Much national attention is directed to the wide range of voter-suppression and vote-counting laws, and gerrymandered maps for federal elections being enacted by state legislatures, and the resulting need for federal voter-protection legislation. But there is an equally pernicious, but much lower-visibility, development evolving in the federal judiciary. The “independent state legislature doctrine” would curtail state-court review of such laws under their own state constitutions, and even limit such courts’ statutory interpretation of ambiguous election laws. Whether this serious erosion of state governments’ fundamental constitutional power of checks and balances prevails will be up to the United States Supreme Court.
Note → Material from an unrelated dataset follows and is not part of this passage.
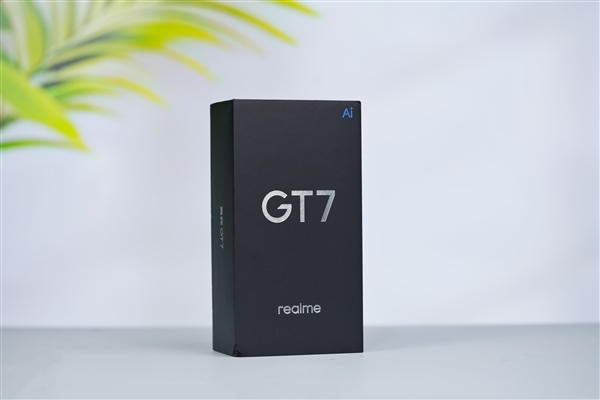 最冷天玑9400+手机！真我GT7图赏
Article I, sec. 4, cl. 1 of the U.S. Constitution (the Elections Clause) reads “The Times, Places and Manner of holding Elections for Senators and Representatives, shall be prescribed in each State by the Legislature thereof …” Importantly, the clause empowers Congress to “make or alter” these state laws “at any time.” Additionally, Article II, sec. 1, cl. 2 (the Presidential Electors Clause) reads “Each State shall appoint, in such Manner as the Legislature thereof may direct, a Number of Electors” to select the president. This arrangement giving states at least initial control over federal elections is unusual among federal countries. It was one of the many compromises in our federal Constitution in response to the states’ fears of a too-powerful federal government. State courts, however, are not “the Legislature” of the state.